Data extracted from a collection
⁂
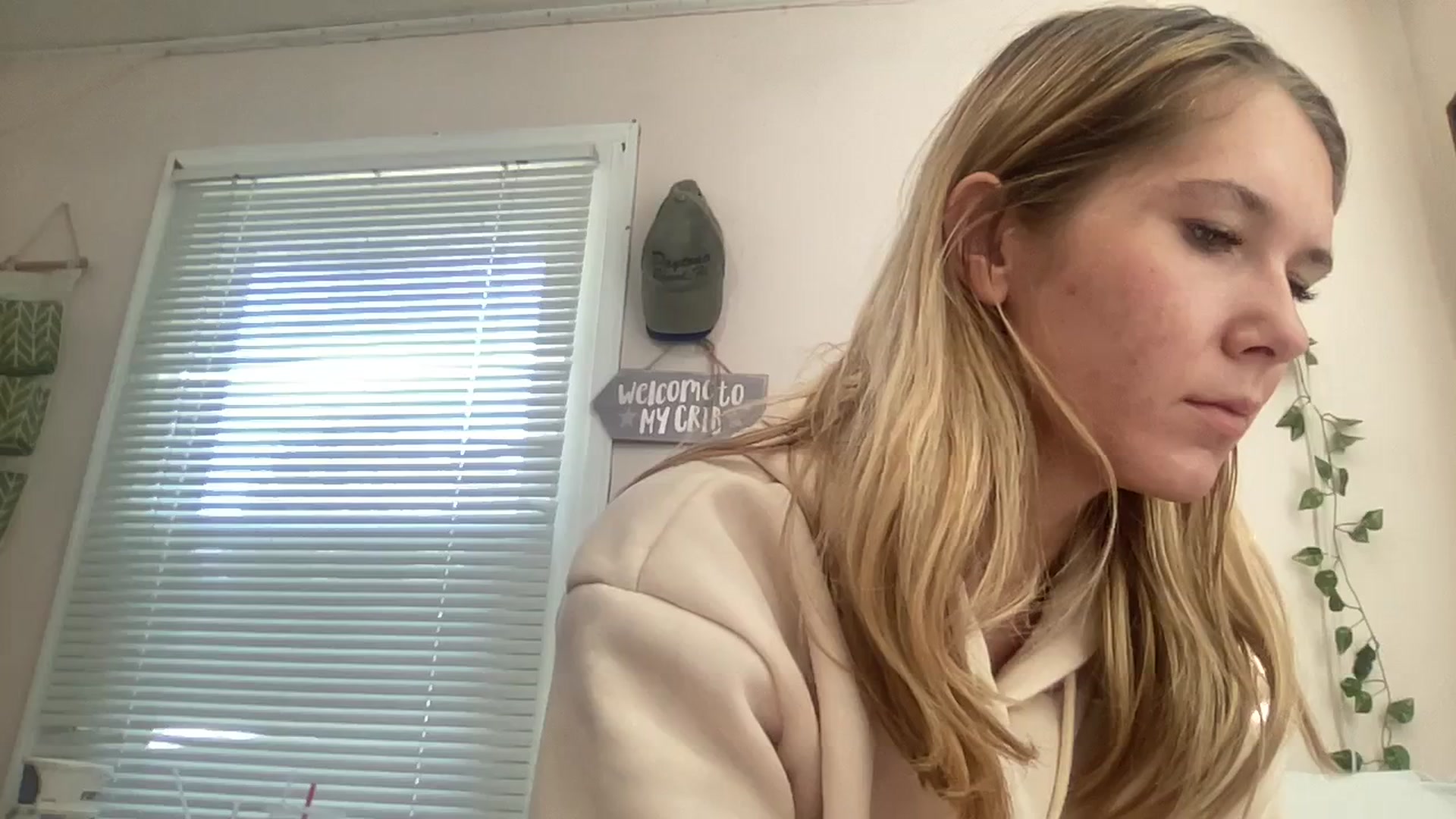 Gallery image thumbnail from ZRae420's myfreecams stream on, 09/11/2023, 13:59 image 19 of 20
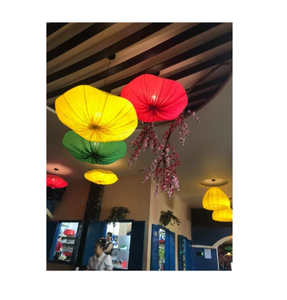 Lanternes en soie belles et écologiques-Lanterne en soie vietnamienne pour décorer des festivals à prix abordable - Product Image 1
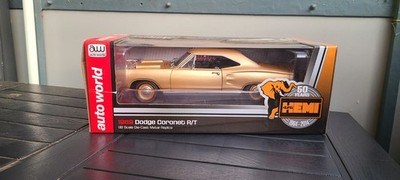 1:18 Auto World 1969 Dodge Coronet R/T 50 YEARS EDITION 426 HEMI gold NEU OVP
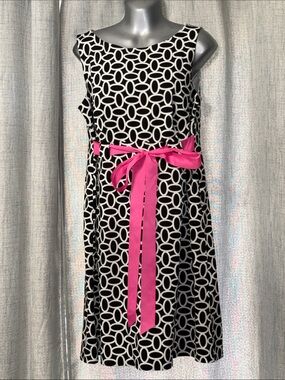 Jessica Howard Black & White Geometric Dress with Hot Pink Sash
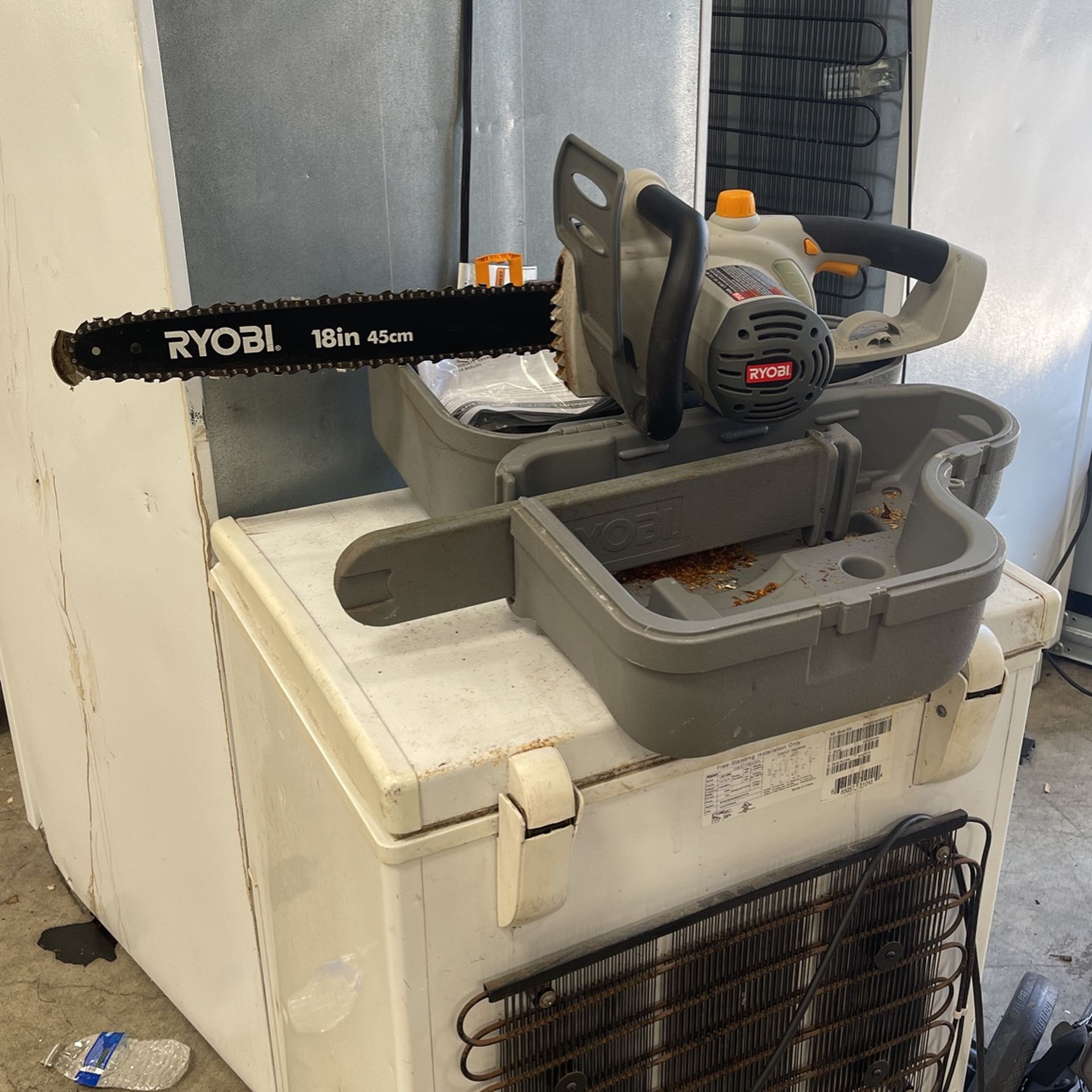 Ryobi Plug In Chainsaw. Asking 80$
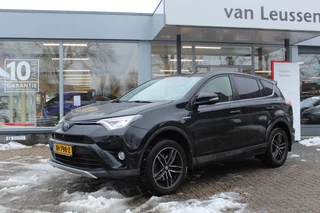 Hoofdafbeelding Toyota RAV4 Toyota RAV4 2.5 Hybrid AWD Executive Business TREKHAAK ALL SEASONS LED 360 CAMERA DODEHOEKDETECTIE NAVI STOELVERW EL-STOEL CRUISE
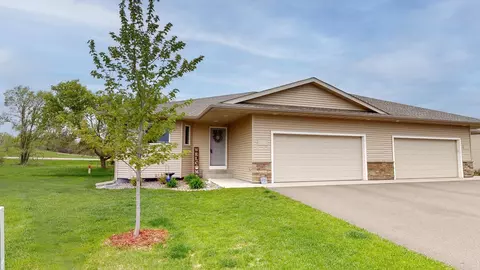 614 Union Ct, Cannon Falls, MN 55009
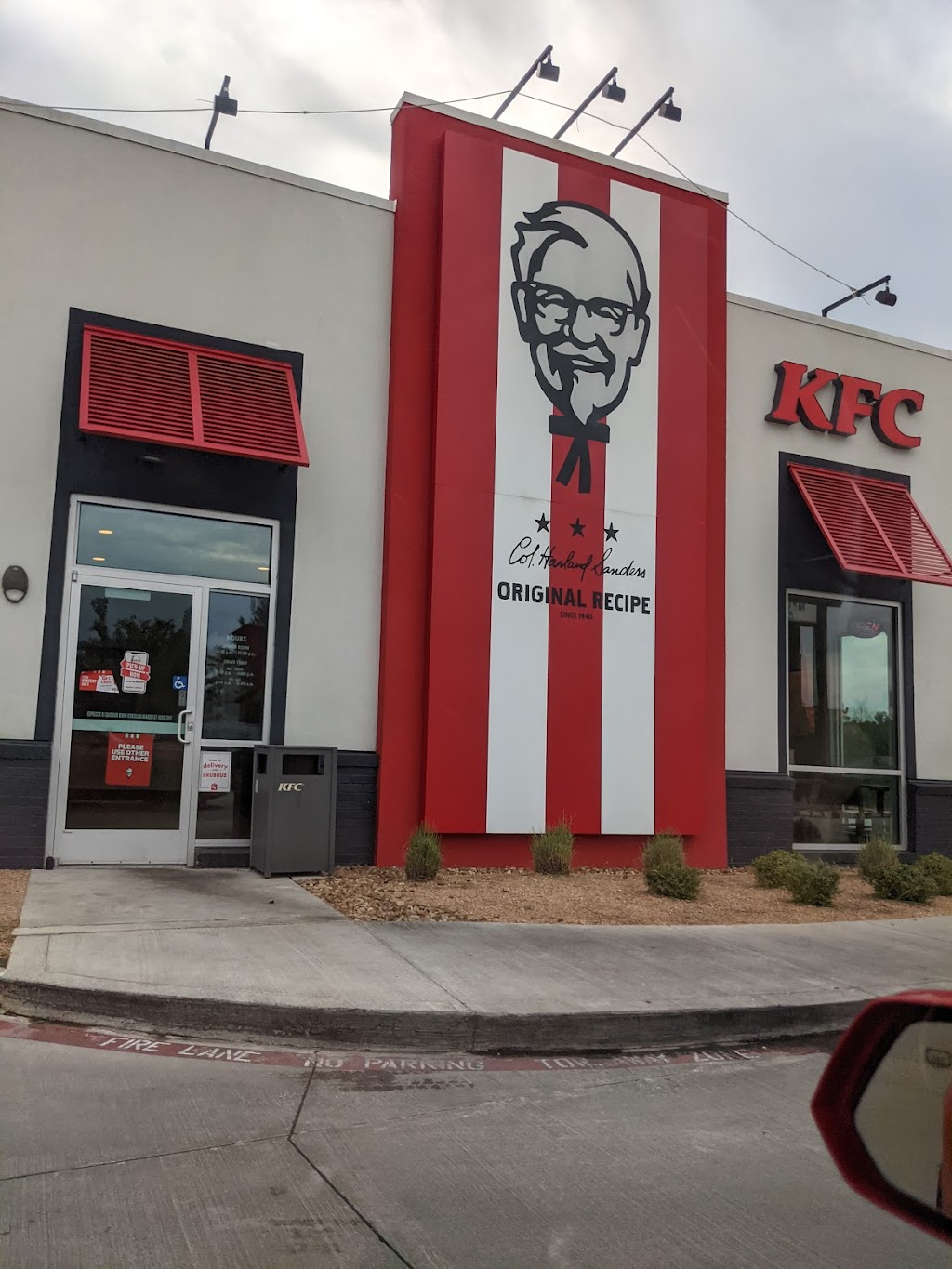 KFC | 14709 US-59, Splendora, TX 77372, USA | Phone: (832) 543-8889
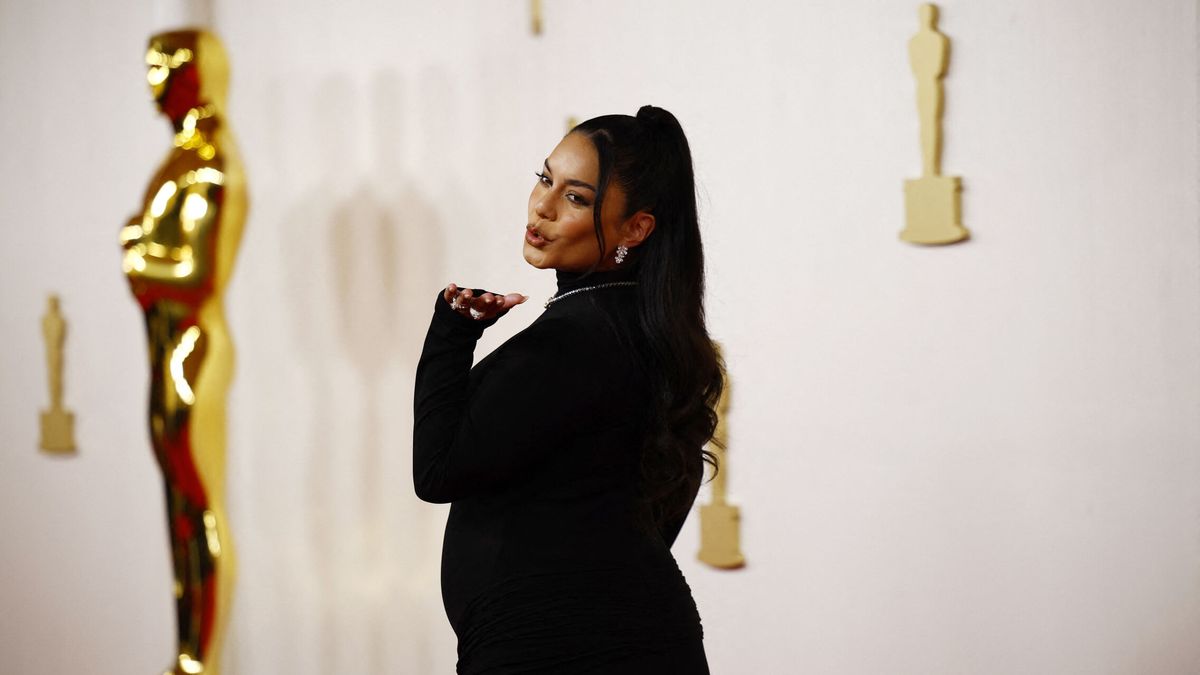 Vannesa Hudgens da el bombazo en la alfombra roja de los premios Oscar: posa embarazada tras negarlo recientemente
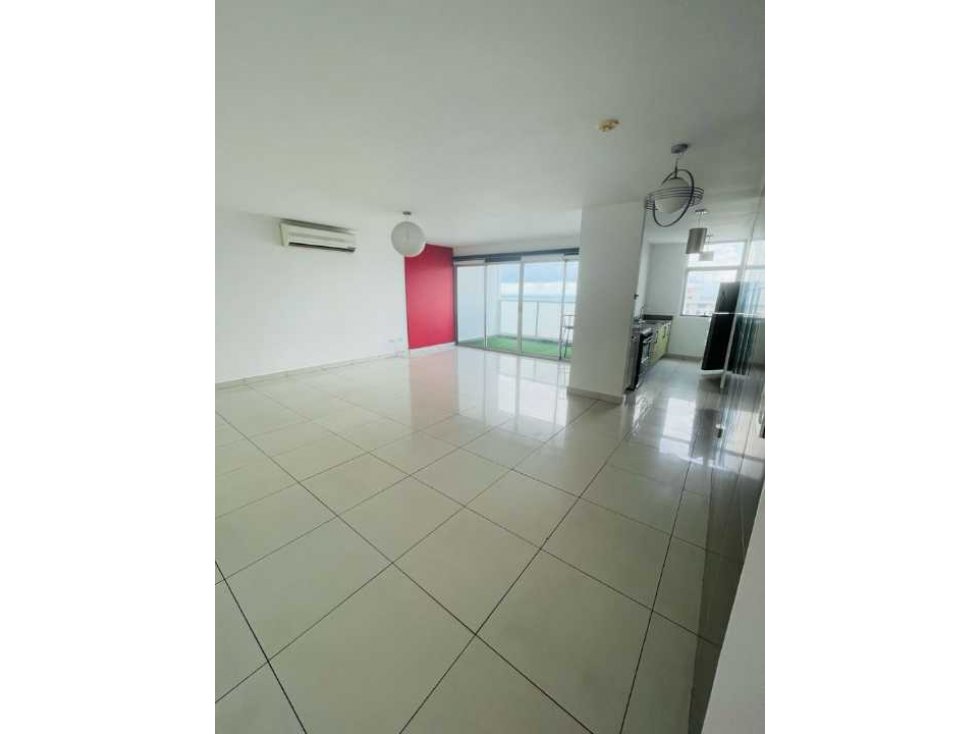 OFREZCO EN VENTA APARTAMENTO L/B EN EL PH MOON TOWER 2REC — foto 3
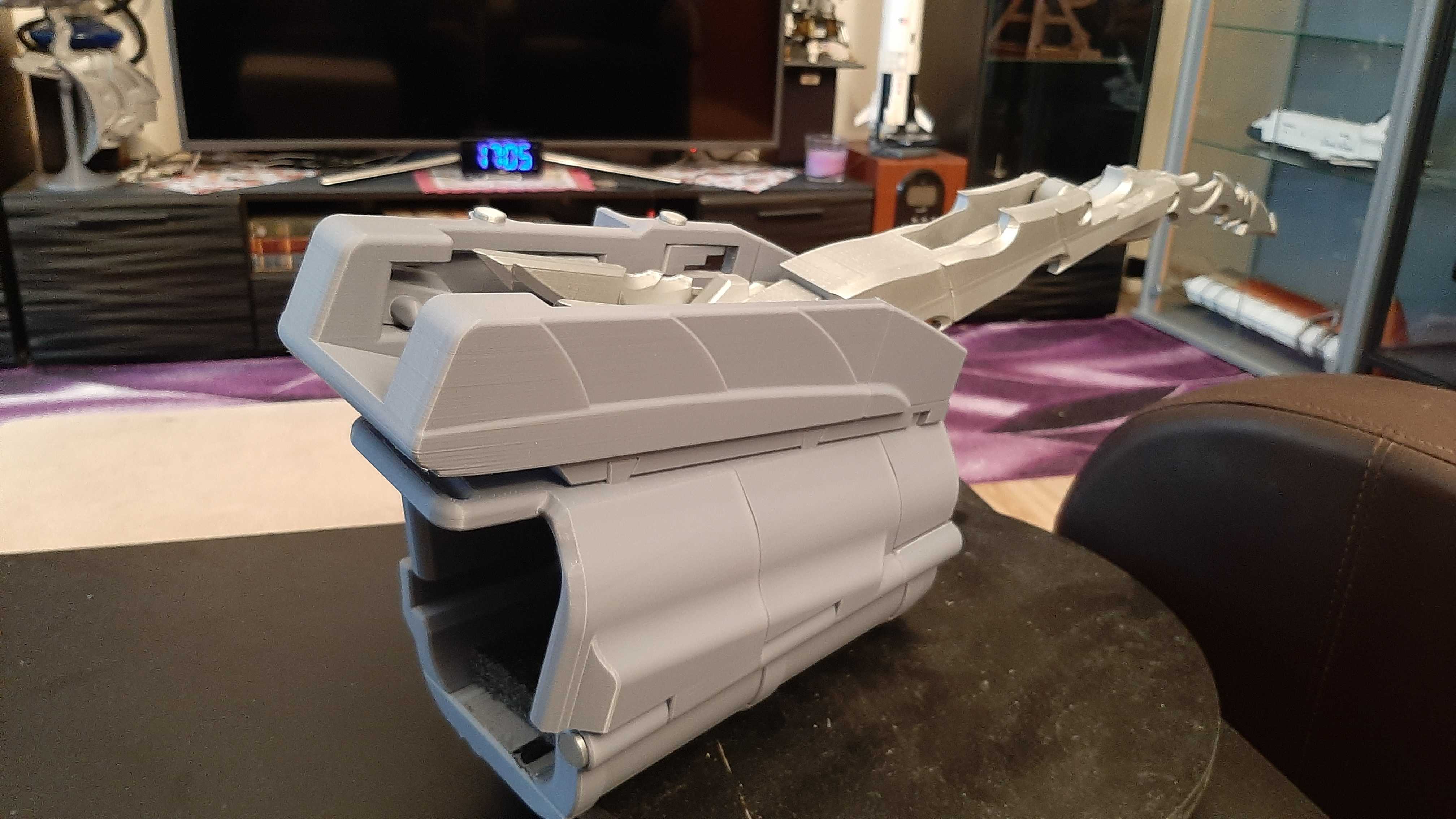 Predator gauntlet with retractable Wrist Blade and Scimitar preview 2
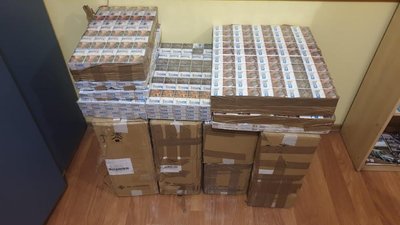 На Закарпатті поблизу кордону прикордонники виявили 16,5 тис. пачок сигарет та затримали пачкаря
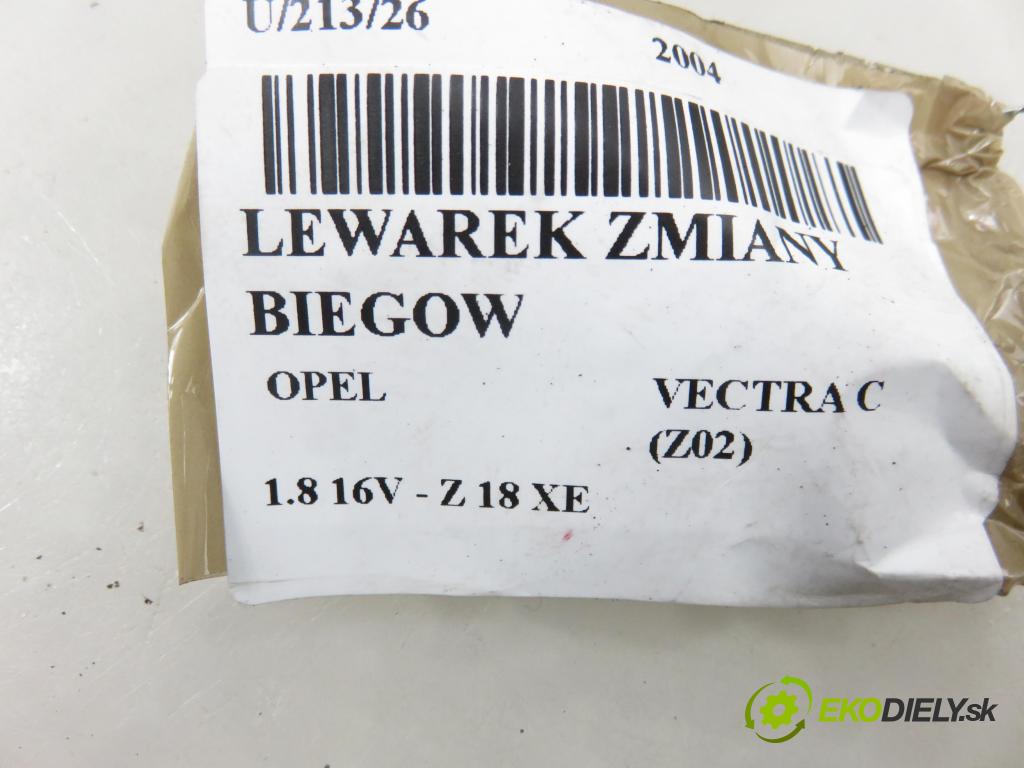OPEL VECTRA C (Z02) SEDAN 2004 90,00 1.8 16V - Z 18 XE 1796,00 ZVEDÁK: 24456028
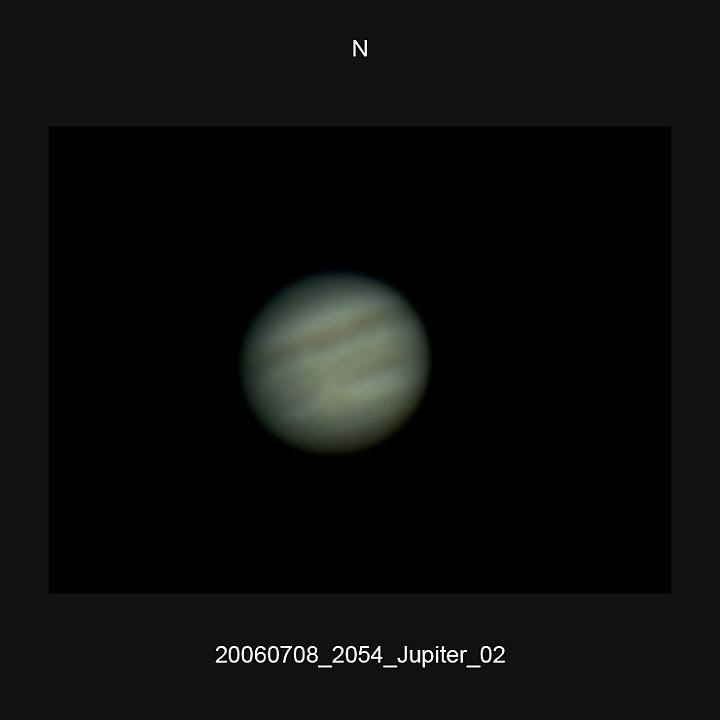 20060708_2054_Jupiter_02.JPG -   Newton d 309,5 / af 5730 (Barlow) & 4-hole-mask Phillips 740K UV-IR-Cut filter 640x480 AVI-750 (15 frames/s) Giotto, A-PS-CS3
⁂
→ **Task statement**:
Strip the images and return the remaining data exactly.

→ **Task result**:
 Gallery image thumbnail from ZRae420's myfreecams stream on, 09/11/2023, 13:59 image 19 of 20
 Lanternes en soie belles et écologiques-Lanterne en soie vietnamienne pour décorer des festivals à prix abordable - Product Image 1
 1:18 Auto World 1969 Dodge Coronet R/T 50 YEARS EDITION 426 HEMI gold NEU OVP
 Jessica Howard Black & White Geometric Dress with Hot Pink Sash
 Ryobi Plug In Chainsaw. Asking 80$
 Hoofdafbeelding Toyota RAV4 Toyota RAV4 2.5 Hybrid AWD Executive Business TREKHAAK ALL SEASONS LED 360 CAMERA DODEHOEKDETECTIE NAVI STOELVERW EL-STOEL CRUISE
 614 Union Ct, Cannon Falls, MN 55009
 KFC | 14709 US-59, Splendora, TX 77372, USA | Phone: (832) 543-8889
 Vannesa Hudgens da el bombazo en la alfombra roja de los premios Oscar: posa embarazada tras negarlo recientemente
 OFREZCO EN VENTA APARTAMENTO L/B EN EL PH MOON TOWER 2REC — foto 3
 Predator gauntlet with retractable Wrist Blade and Scimitar preview 2
 На Закарпатті поблизу кордону прикордонники виявили 16,5 тис. пачок сигарет та затримали пачкаря
OPEL VECTRA C (Z02) SEDAN 2004 90,00 1.8 16V - Z 18 XE 1796,00 ZVEDÁK: 24456028
 20060708_2054_Jupiter_02.JPG -   Newton d 309,5 / af 5730 (Barlow) & 4-hole-mask Phillips 740K UV-IR-Cut filter 640x480 AVI-750 (15 frames/s) Giotto, A-PS-CS3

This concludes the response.